Foreign Films and me

Posted by David on Jan 18th, 2006

The PAL converting DVD player that I bought and which may or may not be in violation of 17 USC 1201 arrived last weekend. I used it watch Fistful of Dynamite in the way that the director intended: restored to include scenes with quotes from Mao and some guy pissing on some ants, titled as Duck You Sucker, and dubbed into English. Some of the scenes with faster or more continuous movement had a spot where the film seemed to jerk, which I guess is because of the conversion. Assuming that the conversion chip uses the same framerate conversion method I had planned to use in http://wiki.burdell.org/wiki/PAL_to_NTSC, the thing’s going to have to clone a frame eventually. It’s not bad enough to be irksome, so I win, Europe. Maybe now I should try finding out what other exclusive works they offer so I can justify having bought a new DVD player for the sake of one movie.

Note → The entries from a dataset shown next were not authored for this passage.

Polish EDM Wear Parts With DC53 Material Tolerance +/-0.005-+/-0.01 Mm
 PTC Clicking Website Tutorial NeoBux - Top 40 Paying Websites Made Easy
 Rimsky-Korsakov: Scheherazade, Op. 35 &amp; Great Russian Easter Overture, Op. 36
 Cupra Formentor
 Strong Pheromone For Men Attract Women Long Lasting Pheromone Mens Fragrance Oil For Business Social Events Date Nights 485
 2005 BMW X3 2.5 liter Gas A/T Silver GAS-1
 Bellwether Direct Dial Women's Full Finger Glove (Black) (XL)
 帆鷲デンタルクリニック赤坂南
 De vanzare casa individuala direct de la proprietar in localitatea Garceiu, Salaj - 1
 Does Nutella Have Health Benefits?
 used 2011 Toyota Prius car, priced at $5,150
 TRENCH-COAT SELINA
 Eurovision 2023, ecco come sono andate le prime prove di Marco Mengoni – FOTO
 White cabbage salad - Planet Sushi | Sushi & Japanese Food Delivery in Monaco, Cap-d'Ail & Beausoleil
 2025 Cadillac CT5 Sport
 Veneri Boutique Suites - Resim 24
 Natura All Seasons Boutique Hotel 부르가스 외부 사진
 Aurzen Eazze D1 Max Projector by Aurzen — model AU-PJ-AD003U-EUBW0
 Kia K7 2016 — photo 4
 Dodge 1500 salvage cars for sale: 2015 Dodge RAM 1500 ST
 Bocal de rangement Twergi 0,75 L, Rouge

As for the movie itself, it was a lot different than what I expected. Sergio Leone, through the symbolism of Once Upon a Time in the West, had declared this movie frontier dead by the time he made Fistful of Dynamite, and, though it was still another movie set in the West (well, western Mexico), it had a much different tone. Conflicts were set on a societal level instead of a personal one, and it had a sometimes more comic feel to it than the Clint Eastwood movies, when the humor wasn’t overshadowed by class warfare and revolution. Wikipedia says that it was also a criticism of the “Zapata Western” of the early seventies, which I can see, and of Jean-Luc Goddard, which I think someone just made up. Regardless, the fact that someone can relate such a baseless statement to this movie is good enough for me (blah blah, je suis disaffected).

In other news, some dudes in England tried to mail a hamster. The thing I find interesting about this article is not so much the story itself, but its digression into competing mail services for England. How many competing services can England support? Looking at a map, I’d estimate that the island is about 600 miles or so from tip to toe. The CIA World Factbook describes it as “slightly smaller than Oregon”, which is a state. I don’t know what sorts of shortcomings people face with the Royal (hehe! monarchy) Mail, but I’m pretty sure that if your package is that important, you could just take a weekend and drive it over.